He was urging me to run now, racing ahead of me to show me how to do it. I felt the wind taking it, felt the kite suddenly air-borne, wind-whipped and tugging to be free. Saeed clapped his hands in wild delight as it swooped and soared above us. I had done this on Hampstead Heath with my father when I was a boy, but had forgotten the sheer exhilaration of it. The kite was alive at the end of the string, loving it as much as I was.
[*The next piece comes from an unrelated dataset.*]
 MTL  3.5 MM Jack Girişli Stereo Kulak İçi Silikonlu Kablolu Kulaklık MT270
Saeed tapped my arm and took the string from me. Very reluctantly I handed it over.

Saeed was an expert. With a tweak of his wrist the kite turned and twirled, with a flick of his fingers he dived it and danced it. My professional instinct kicked in. I needed boy and kite in the same shot,

so I had to put some distance between them and me. I backed away over the hillside, pausing to film as I went, fearful of missing these fleeting moments of innocent rapture.

I closed on the fluttering kite, then zoomed in on the wall below, following it up over the hillside, and focusing on the settlement beyond, on the flag flying there, and then on some children playing football in the street below. I watched them through my lens, witnessed the celebratory hugging as one of them scored.
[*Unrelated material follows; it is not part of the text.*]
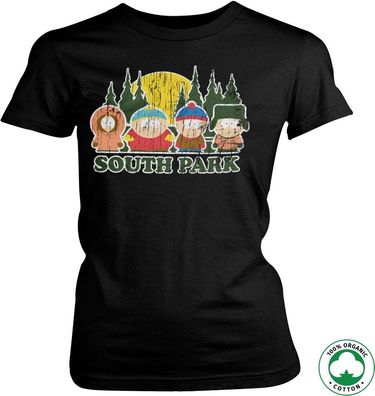 South Park Distressed Organic Girly T-Shirt Damen Black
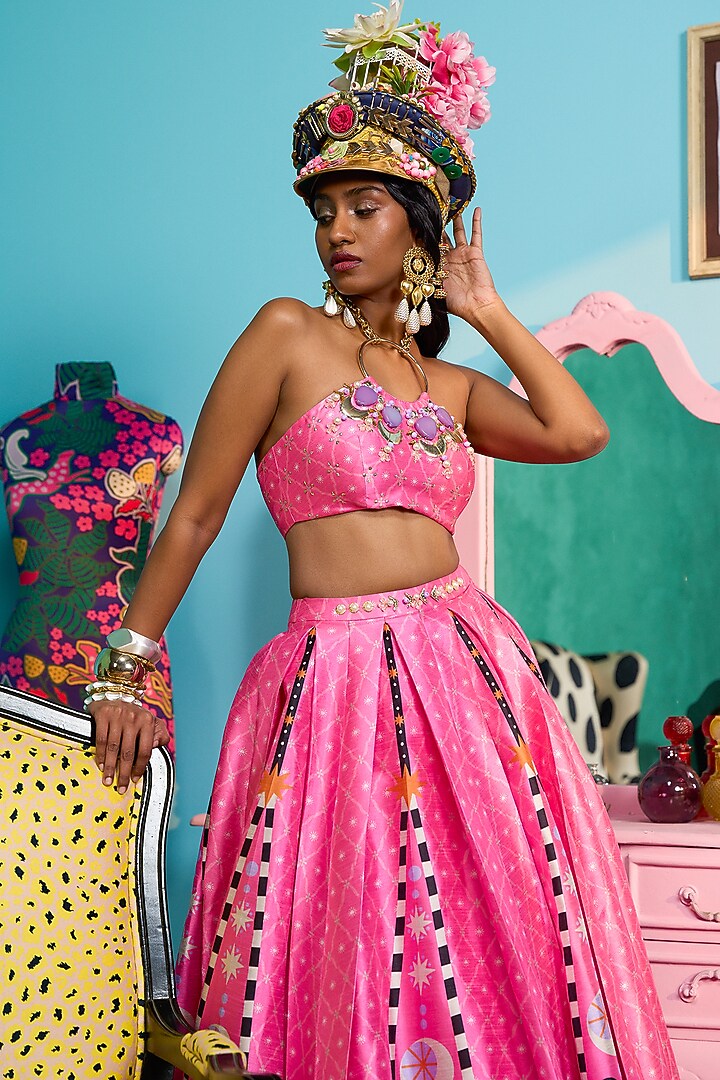Pink Raw Silk Printed Box Pleated Wedding Lehenga Set by PAPA DONT PREACH PRET at Pernia's Pop Up Shop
I turned my camera on Saeed again. There was, I noticed, a look of intense concentration on his face. That was the moment he let the kite go. It was quite deliberate. He simply gave it to the wind, holding his arms aloft as if he’d just released a trapped bird, and was giving it its freedom. It soared up high, seeming to float there for a while on the thermals, before the wind discovered it and took it away over the olive grove, over the wall and up towards the hilltop settlement.

Saeed was tugging at my arm again. He wanted to look through my lens. I saw then what he was looking at, a young girl in a headscarf gazing up at the kite as it came floating down.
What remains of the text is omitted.